------ DATASET SECTION

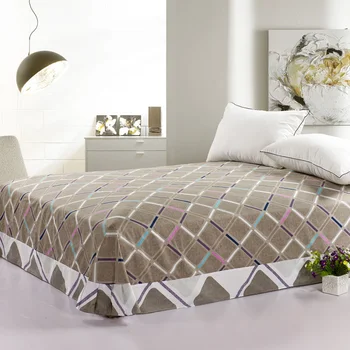 

100%cotton Blue Plaid Printing Pattern Bedding Sets Kids/adult Soft Flat Bed Sheet 24 colors High Quality king bed sheet set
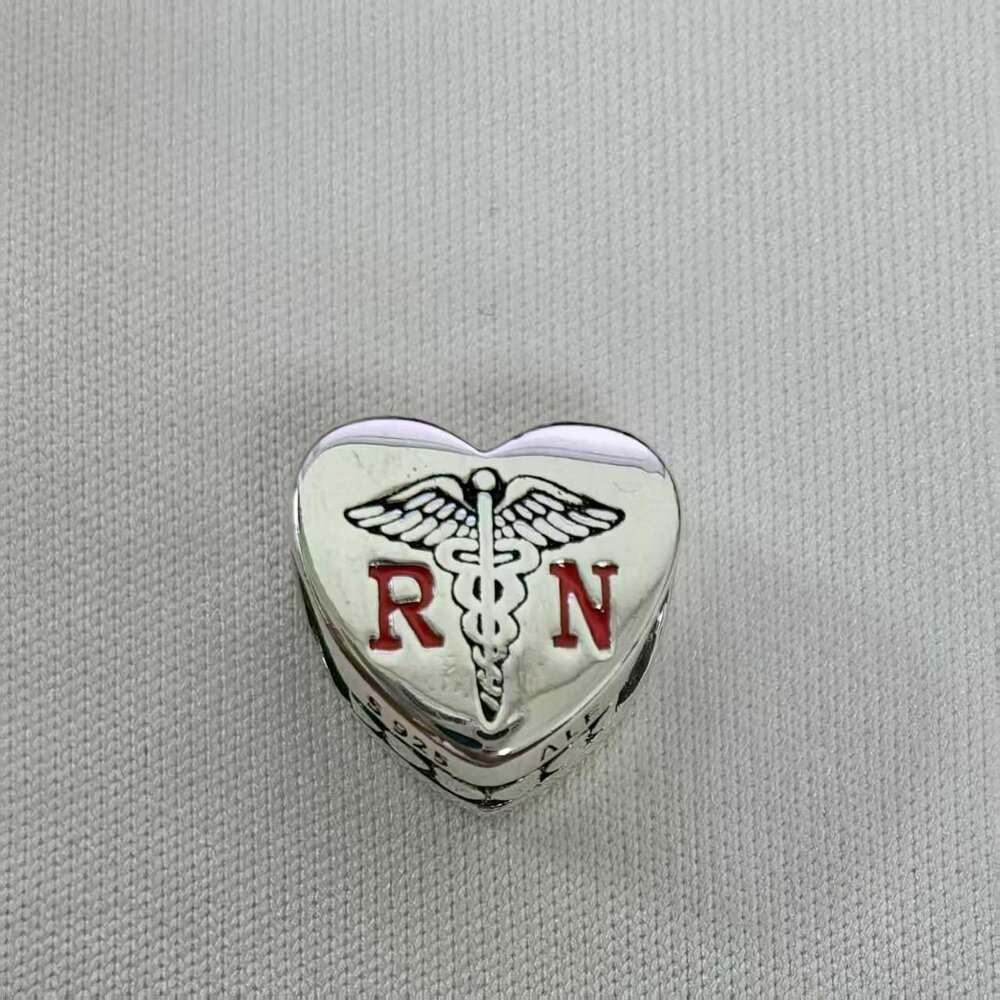 Pandora RN Registered Nurse Exclusive Heart Charm Pendant, S925 Silver Jewelry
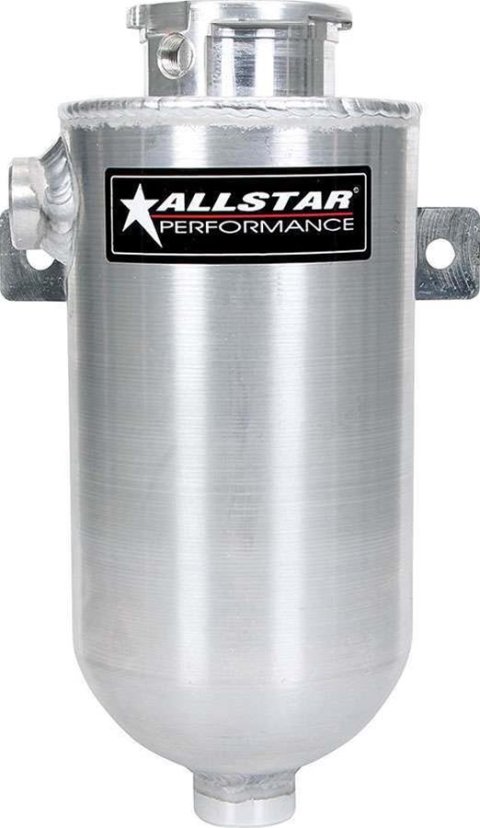 Allstar Performance Overflow Tanks ALL36115 Tank/Filler, 1 qt., Round, Aluminum, Natural, 3/8 in. NPT Inlets/1/2 in. NPT Outlet, Universal, Each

------------

WORK ITEM:
The material above must be printed exactly, with its pictures left out.

OUTPUT OF THE EXERCISE:
100%cotton Blue Plaid Printing Pattern Bedding Sets Kids/adult Soft Flat Bed Sheet 24 colors High Quality king bed sheet set
 Pandora RN Registered Nurse Exclusive Heart Charm Pendant, S925 Silver Jewelry
 Allstar Performance Overflow Tanks ALL36115 Tank/Filler, 1 qt., Round, Aluminum, Natural, 3/8 in. NPT Inlets/1/2 in. NPT Outlet, Universal, Each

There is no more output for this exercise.